> _Instructions to follow_
Nothing outside the lines below from the one containing "Jałówki wysokocielne" through the one containing "Cistus Salviifolius - White" is to be printed; print those exactly, ends included, and drop the pictures.

> _Extracted information_
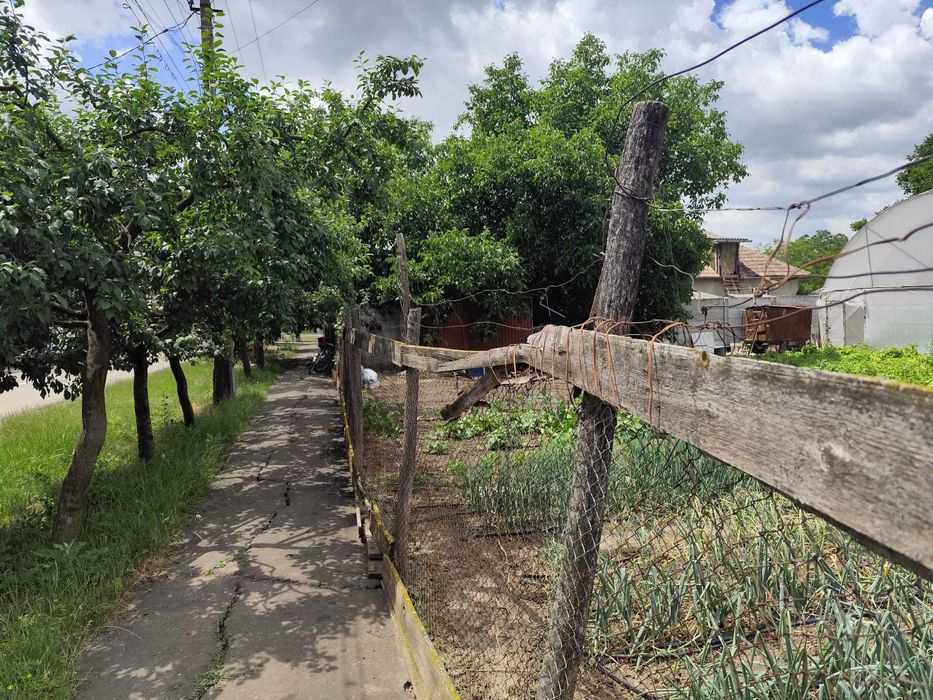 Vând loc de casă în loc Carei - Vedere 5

...

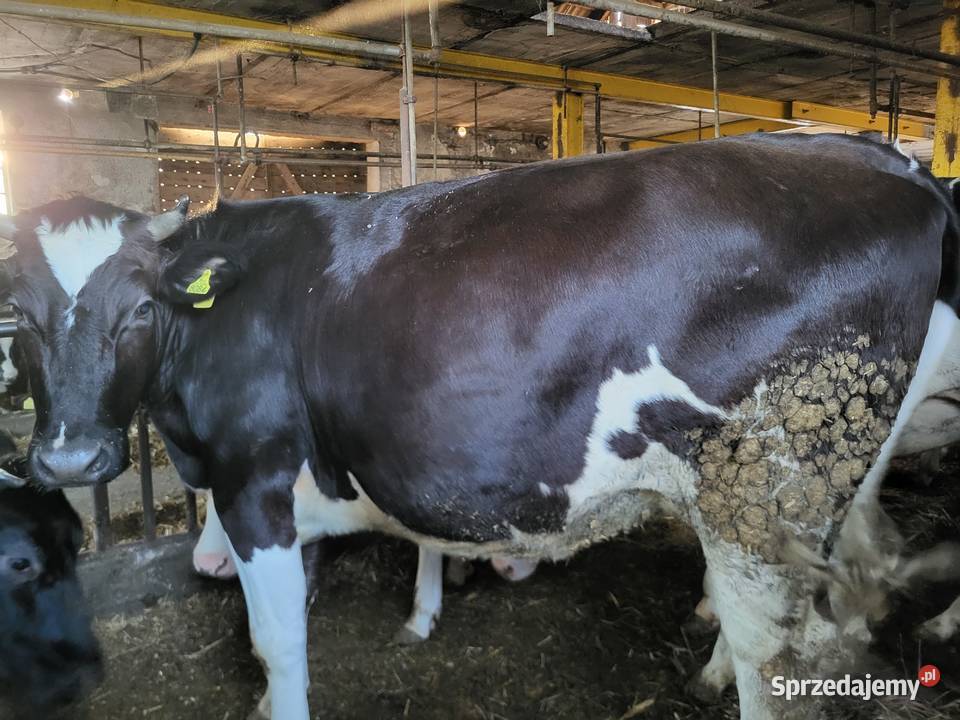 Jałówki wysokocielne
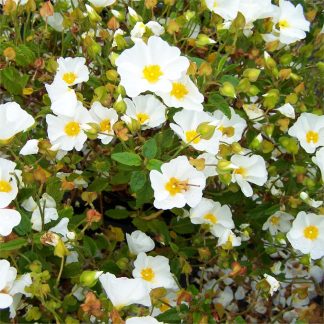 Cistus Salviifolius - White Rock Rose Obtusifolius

> _Exercise output_
 Jałówki wysokocielne
 Cistus Salviifolius - White Rock Rose Obtusifolius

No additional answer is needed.